Si va al ballottaggio: Moscherini-Tidei alla pari

elezioni1CIVITAVECCHIA – Sarà ballottaggio tra Gianni Moscherini e Pietro Tidei. E’ terminato finalmente stamane lo spoglio delle 53 sezioni cittadine, con le operazioni andate estremamente a rilento in diversi seggi elettorali. I problemi principali si sono registrati nel seggio di Borgata Aurelia e di via XVI Settembre, complici le complicazioni derivanti dai numerosi voti disgiunti che hanno sovente reso estenuante la quadra dei conti. Confermata l’affluenza del 75,32% (meno 3 punti rispetto a 5 anni fa), l’esito delle urne ormai delle urne ha dato questo responso: Moscherini si attesta al 38,04%, Tidei al 36,41%. Staccatissimi tutti gli altri candidati, che devono veramente leccarsi le ferite se si esclude il Movimento 5 Stelle che guadagna un sorprendente “terzo posto” ottenendo il 6,62%.
01A seguire Giovanni Ghirga con il 5,65%, Mirko Mecozzi con il 4,52%, Francesco Cappellani con il 2,81%, Alvaro Balloni con il 2,71%, Simona Ricotti con il 2,40%. Irrisorio infine il consenso ottenuto da Aldo De Marco, che non va oltre lo 0,79%.

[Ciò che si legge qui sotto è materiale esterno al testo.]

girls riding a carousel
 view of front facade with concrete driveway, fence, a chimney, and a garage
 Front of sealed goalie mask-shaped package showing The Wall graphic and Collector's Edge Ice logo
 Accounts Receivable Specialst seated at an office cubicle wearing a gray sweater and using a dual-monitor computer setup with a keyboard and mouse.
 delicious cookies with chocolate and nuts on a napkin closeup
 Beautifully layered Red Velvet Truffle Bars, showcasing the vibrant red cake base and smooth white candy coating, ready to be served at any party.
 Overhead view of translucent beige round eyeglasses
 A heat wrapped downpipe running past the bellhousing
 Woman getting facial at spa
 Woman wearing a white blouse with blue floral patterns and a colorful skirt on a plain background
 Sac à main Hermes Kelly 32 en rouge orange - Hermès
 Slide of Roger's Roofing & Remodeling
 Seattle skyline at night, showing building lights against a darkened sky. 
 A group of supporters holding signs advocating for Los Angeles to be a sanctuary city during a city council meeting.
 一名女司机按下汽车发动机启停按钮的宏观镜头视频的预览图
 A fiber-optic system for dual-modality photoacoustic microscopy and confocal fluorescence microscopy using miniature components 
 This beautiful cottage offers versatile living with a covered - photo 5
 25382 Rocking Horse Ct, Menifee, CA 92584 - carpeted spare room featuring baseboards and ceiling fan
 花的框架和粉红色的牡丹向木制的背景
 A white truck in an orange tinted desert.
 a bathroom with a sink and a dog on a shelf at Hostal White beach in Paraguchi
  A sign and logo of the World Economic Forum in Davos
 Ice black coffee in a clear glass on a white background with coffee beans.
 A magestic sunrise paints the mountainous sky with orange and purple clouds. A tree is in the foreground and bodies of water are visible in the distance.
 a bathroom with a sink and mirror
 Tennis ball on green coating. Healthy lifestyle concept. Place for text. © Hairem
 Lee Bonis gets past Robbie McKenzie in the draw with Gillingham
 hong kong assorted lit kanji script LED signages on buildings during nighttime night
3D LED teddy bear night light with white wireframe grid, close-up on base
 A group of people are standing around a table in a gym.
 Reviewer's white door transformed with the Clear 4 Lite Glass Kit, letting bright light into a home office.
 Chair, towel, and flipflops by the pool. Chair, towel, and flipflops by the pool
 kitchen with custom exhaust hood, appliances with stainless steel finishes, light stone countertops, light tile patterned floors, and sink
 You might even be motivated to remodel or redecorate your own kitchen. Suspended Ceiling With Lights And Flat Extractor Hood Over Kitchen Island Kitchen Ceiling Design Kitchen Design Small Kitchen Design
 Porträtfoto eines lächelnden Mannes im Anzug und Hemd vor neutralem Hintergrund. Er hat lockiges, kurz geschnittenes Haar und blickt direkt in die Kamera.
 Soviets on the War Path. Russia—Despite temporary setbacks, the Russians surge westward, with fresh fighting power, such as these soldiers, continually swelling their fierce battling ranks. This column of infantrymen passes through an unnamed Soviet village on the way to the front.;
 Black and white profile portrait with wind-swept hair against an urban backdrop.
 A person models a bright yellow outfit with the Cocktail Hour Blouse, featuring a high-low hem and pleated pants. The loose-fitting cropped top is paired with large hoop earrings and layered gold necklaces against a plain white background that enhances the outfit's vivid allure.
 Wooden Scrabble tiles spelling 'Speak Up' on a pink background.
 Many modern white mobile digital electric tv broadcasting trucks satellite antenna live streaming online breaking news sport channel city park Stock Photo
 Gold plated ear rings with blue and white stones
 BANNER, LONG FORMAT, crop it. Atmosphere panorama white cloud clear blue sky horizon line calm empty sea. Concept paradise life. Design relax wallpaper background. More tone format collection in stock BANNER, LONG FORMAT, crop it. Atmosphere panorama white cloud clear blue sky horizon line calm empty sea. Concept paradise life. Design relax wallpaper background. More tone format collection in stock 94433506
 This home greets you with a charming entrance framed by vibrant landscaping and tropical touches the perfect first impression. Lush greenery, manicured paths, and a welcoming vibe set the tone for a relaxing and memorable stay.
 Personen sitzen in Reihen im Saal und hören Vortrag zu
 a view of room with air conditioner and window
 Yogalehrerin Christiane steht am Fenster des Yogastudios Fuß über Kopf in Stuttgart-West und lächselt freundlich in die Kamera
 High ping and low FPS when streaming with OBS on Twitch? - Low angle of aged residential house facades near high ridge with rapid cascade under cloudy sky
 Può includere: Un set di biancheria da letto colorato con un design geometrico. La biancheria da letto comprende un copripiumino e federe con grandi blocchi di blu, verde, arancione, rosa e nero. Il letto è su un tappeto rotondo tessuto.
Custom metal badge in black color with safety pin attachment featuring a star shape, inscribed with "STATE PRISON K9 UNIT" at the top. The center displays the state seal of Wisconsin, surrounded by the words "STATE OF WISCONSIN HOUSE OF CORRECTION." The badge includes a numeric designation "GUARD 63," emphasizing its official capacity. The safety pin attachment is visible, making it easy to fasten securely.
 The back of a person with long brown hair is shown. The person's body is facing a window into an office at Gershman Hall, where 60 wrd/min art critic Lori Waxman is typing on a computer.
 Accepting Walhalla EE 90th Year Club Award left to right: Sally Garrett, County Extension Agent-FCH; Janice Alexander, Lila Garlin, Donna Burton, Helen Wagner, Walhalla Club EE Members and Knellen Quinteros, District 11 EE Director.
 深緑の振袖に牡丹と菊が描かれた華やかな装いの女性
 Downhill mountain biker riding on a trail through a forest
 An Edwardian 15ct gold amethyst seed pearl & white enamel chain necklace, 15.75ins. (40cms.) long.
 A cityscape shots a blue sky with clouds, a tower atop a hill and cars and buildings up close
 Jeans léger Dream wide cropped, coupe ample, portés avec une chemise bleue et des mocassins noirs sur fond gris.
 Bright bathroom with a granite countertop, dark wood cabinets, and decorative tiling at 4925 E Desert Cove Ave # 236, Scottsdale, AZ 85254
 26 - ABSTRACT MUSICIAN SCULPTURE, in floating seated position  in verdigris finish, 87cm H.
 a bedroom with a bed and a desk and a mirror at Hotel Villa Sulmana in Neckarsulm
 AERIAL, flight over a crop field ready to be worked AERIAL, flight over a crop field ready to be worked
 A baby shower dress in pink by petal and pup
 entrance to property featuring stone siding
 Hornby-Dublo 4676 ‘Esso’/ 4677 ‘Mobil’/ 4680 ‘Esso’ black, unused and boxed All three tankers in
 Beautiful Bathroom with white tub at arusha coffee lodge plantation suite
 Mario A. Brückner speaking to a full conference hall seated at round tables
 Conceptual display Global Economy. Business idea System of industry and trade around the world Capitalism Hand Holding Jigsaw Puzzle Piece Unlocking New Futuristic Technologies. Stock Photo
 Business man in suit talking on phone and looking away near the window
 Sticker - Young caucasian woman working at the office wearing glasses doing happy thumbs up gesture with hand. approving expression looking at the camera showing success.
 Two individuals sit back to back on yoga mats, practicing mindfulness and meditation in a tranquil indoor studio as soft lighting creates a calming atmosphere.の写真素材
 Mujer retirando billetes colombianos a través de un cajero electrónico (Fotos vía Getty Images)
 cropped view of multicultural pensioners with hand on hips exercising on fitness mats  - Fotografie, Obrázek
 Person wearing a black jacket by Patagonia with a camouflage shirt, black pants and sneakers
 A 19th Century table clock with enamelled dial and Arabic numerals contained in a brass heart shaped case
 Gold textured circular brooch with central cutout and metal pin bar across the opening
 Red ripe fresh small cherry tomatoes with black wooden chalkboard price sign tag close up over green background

Tre al momento, in attesa dei risultati definitivi, i risultati evidenti. Gianni Moscherini perde chiaramente consenso tra i cittadini dopo l’exploit del 2007, quando si impose al primo turno con il 56%; dopo cinque anni di amministrazione l’apprezzamento dei cittadini nei suoi confronti è calato quasi di 20 punti percentuali, per quanto abbia ancora grandi chances di riconfermarsi primo cittadino. Secondo risultato: Pietro Tidei, pur condizionato dall’alto numero di candidati a sindaco, non intercetta il grande voto di protesta della città nei confronti di Moscherini, che seppur di poco lo sopravanza comunque nei consensi a dispetto dei sondaggi che lo vedevano ampiamente in testa e che si sono rivelati una autentica “bufala”. Terzo risultato: la composizione del nuovo Consiglio comunale, da una prima lettura delle preferenze dei singoli candidati, rimarrà sostanzialmente invariato, salva l’eccezione di tre o quattro new entry. Segno che i cosiddetti “pacchetti di voti” l’hanno fatta da padroni in queste elezioni; e, per una città che negli ultimi anni ha visto indebitarsi fino al collo le casse comunali e diminuire drasticamente la qualità della sua vita, non è certo rassicurante, per usare quanto meno un eufemismo, sapere che per i prossimi cinque anni sarà governata in pratica dagli stessi amministratori.
La partita del ballottaggio è assolutamente aperta e probabilmente a decidere la contesa tra Tidei e Moscherini saranno una manciata di voti. Fatto che nell’ottica di eventuali apparentamenti o semplice ricerca di accordi con gli altri candidati alla carica di sindaco rimasti esclusi dal secondo turno, non promette nulla di buono.